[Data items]
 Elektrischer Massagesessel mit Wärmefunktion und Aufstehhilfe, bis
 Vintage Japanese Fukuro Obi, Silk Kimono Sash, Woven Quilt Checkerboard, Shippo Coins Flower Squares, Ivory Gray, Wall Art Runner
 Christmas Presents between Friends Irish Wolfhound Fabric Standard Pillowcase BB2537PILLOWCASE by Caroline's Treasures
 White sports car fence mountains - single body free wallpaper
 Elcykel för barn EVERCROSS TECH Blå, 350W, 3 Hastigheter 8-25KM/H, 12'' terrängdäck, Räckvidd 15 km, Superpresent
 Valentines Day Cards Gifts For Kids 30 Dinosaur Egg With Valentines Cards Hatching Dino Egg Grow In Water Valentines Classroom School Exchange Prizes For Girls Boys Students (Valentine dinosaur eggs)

==

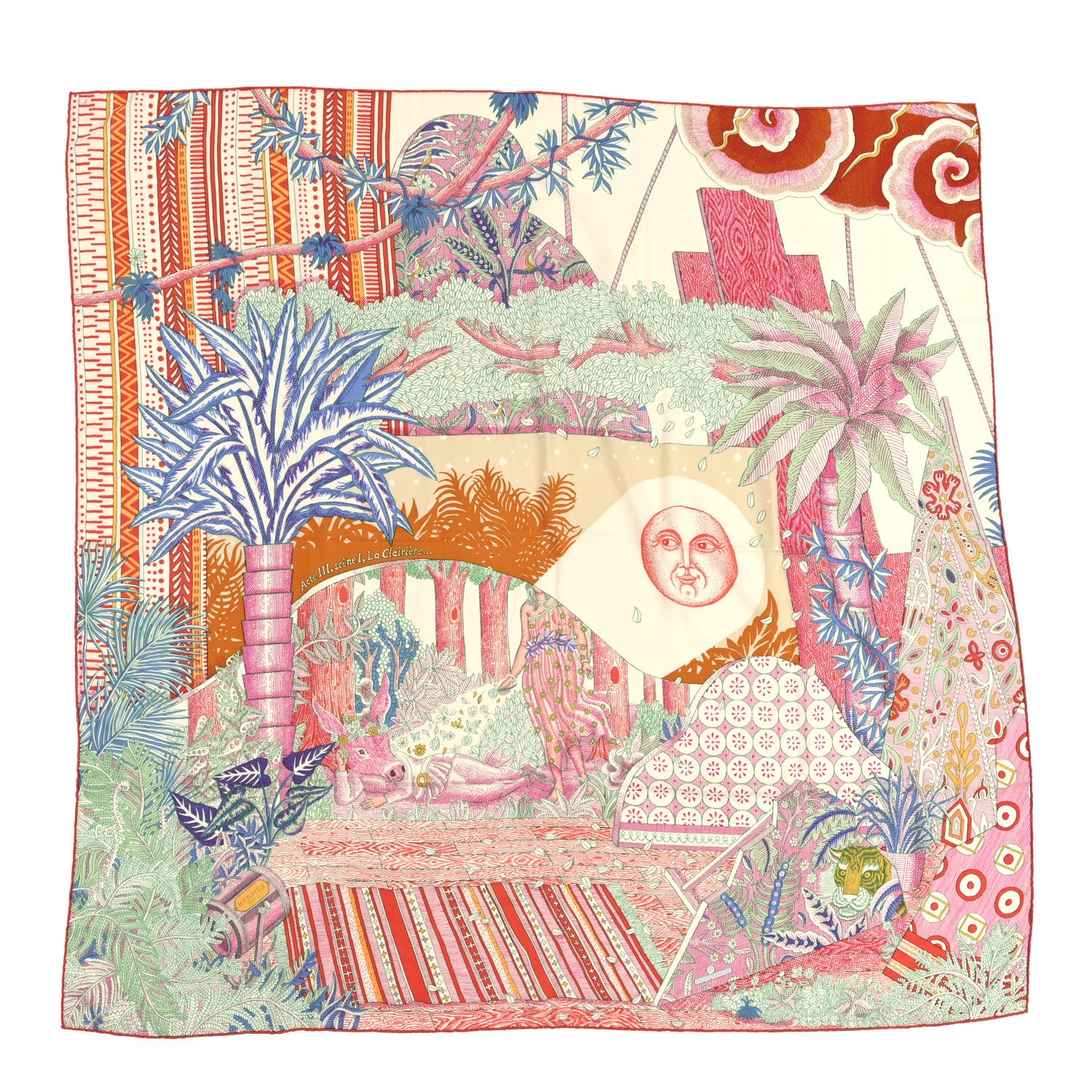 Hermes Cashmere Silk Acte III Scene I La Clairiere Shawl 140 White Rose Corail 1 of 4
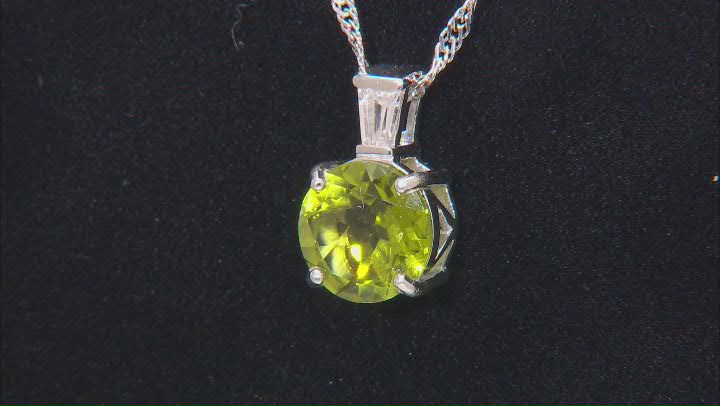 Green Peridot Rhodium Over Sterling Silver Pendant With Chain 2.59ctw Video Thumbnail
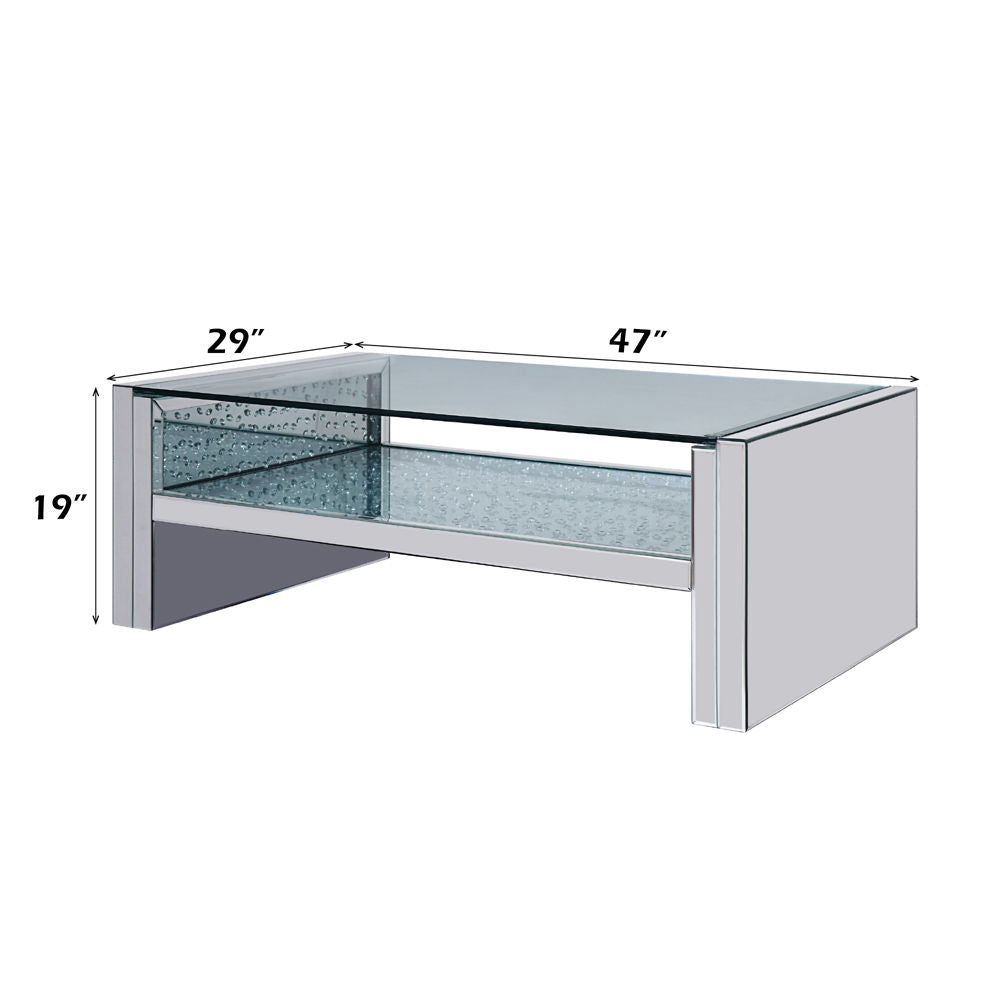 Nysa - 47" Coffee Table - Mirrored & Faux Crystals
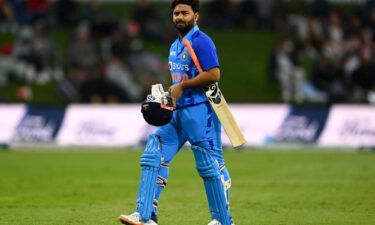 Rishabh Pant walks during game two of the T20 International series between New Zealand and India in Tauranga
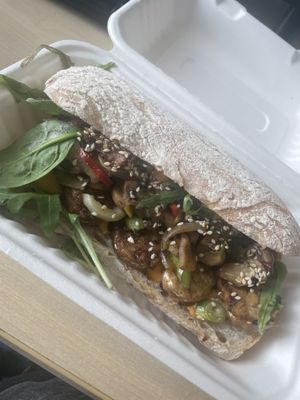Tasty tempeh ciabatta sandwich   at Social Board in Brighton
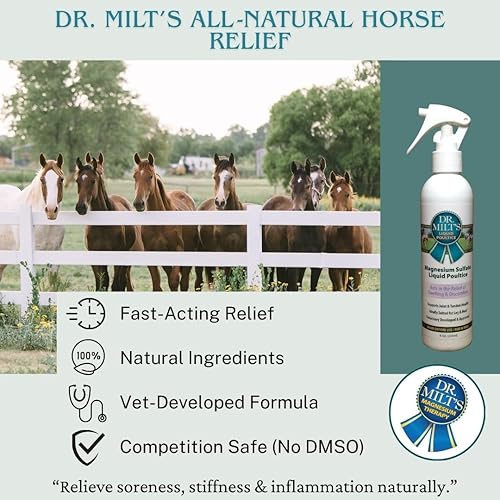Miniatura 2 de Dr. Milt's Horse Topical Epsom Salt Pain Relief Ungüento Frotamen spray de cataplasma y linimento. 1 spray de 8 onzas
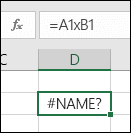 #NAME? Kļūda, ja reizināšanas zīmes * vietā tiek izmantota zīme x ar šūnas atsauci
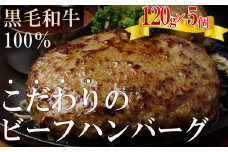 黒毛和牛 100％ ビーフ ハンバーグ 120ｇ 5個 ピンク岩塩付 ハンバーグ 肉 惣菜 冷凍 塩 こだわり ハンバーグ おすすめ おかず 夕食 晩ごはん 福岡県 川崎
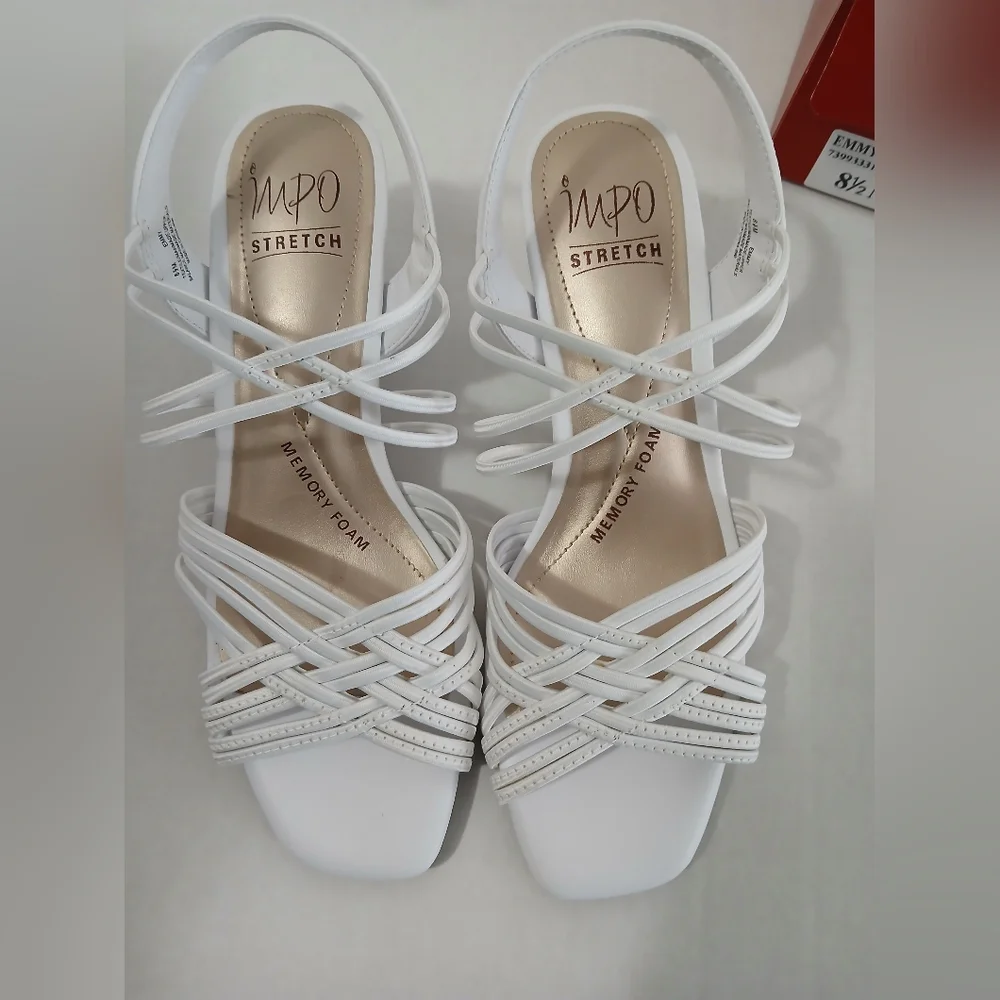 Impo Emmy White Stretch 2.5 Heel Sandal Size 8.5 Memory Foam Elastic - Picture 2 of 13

WHAT IS EXPECTED
Using the data above, retype exactly and only the lines from the one containing "#NAME? Kļūda, ja" up to and including the one containing "Impo Emmy White", with no pictures carried over.

COMPLETED TASK
 #NAME? Kļūda, ja reizināšanas zīmes * vietā tiek izmantota zīme x ar šūnas atsauci
 黒毛和牛 100％ ビーフ ハンバーグ 120ｇ 5個 ピンク岩塩付 ハンバーグ 肉 惣菜 冷凍 塩 こだわり ハンバーグ おすすめ おかず 夕食 晩ごはん 福岡県 川崎
 Impo Emmy White Stretch 2.5 Heel Sandal Size 8.5 Memory Foam Elastic - Picture 2 of 13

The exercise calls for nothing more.